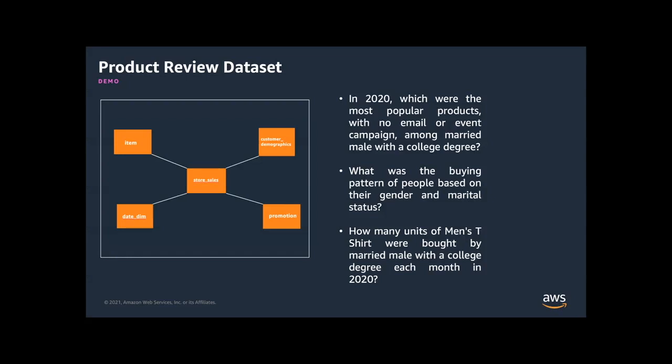Stored sales table stores numerical values such as sold quantity, sale price, and the dimension table stores descriptive information such as name of the item, gender, marital status of the customer.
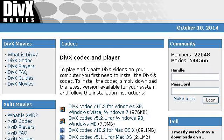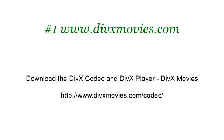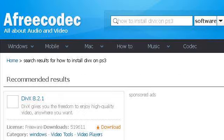The most helpful site to learn about how to install the DivX Codec is www.dividedxmovies.com, specifically the page titled 'Download the DivX Codec and DivX Player' — DivX Movies. Here's the link. Try also our second ranked site How.AfreeCodec.com, especially the page 'How to install DivX on PS3 Free Download' — AfreeCodec. Here's the link.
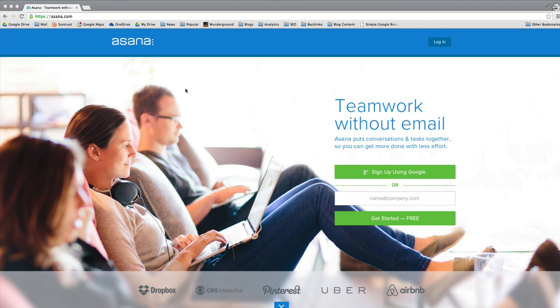Hey, it's Doug Cunnington from nichesiteproject.com. I'm going to do a short video on Asana, just sort of an overview. A couple of the things I'm going to hit are how I manage some of my daily tasks and how I plan my day using Asana. I'm going to talk a little bit about some specific niche site creation tasks that you might have that you could use Asana for.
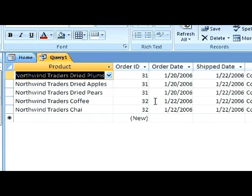This is how you create a query that has more than one criteria for a field.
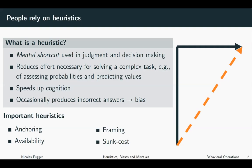Another important heuristic is the availability heuristic. It is based on the idea that if something can be easily recalled, it must be more important than an alternative that did not come to mind as easily. This implies that people tend to heavily weigh their judgment toward more recent information, which is easier to recall, making new opinions biased toward the latest news.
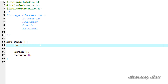There are four storage classes in C: automatic, register, static, and external. We're going to see the automatic storage class in this tutorial. To specify the storage class with a variable, you write it before the data type of the variable.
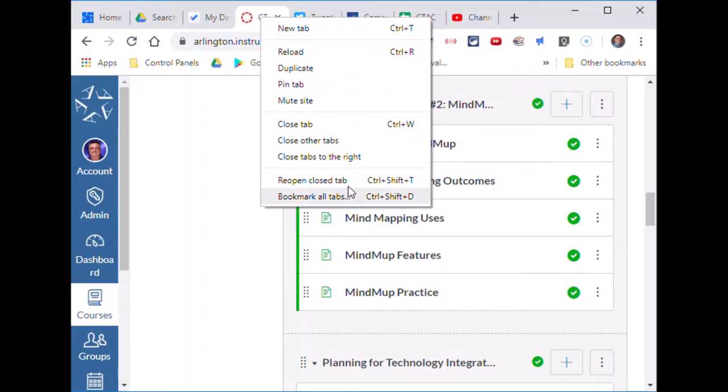Reopen closed tab, or you could do the Ctrl+Shift+T shortcut. Hope this is a great time saver for you.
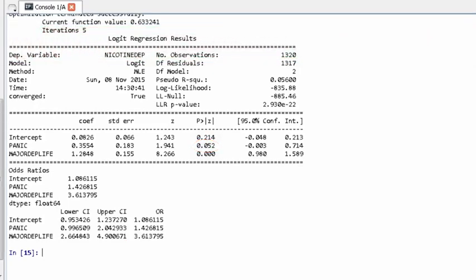Here we have an example of confounding. We would say that major depression confounds the relationship between panic disorder and nicotine dependence because the p-value for panic disorder is no longer significant when major depression is included in the model. Because panic disorder is no longer associated with nicotine dependence, we would not interpret the corresponding odds ratio, but would interpret the significant odds ratio between major depression and nicotine dependence. That is, young adult smokers with major depression are 3.6 times more likely to have nicotine dependence than those without major depression, after controlling for panic disorder.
==*==
▸ **YOUR OBJECTIVE**: Hand back every line of the material, exactly, without the pictures.

▸ **ANSWER BELOW**:
Stored sales table stores numerical values such as sold quantity, sale price, and the dimension table stores descriptive information such as name of the item, gender, marital status of the customer.
The most helpful site to learn about how to install the DivX Codec is www.dividedxmovies.com, specifically the page titled 'Download the DivX Codec and DivX Player' — DivX Movies. Here's the link. Try also our second ranked site How.AfreeCodec.com, especially the page 'How to install DivX on PS3 Free Download' — AfreeCodec. Here's the link.
Hey, it's Doug Cunnington from nichesiteproject.com. I'm going to do a short video on Asana, just sort of an overview. A couple of the things I'm going to hit are how I manage some of my daily tasks and how I plan my day using Asana. I'm going to talk a little bit about some specific niche site creation tasks that you might have that you could use Asana for.
This is how you create a query that has more than one criteria for a field.
Another important heuristic is the availability heuristic. It is based on the idea that if something can be easily recalled, it must be more important than an alternative that did not come to mind as easily. This implies that people tend to heavily weigh their judgment toward more recent information, which is easier to recall, making new opinions biased toward the latest news.
There are four storage classes in C: automatic, register, static, and external. We're going to see the automatic storage class in this tutorial. To specify the storage class with a variable, you write it before the data type of the variable.
Reopen closed tab, or you could do the Ctrl+Shift+T shortcut. Hope this is a great time saver for you.
Here we have an example of confounding. We would say that major depression confounds the relationship between panic disorder and nicotine dependence because the p-value for panic disorder is no longer significant when major depression is included in the model. Because panic disorder is no longer associated with nicotine dependence, we would not interpret the corresponding odds ratio, but would interpret the significant odds ratio between major depression and nicotine dependence. That is, young adult smokers with major depression are 3.6 times more likely to have nicotine dependence than those without major depression, after controlling for panic disorder.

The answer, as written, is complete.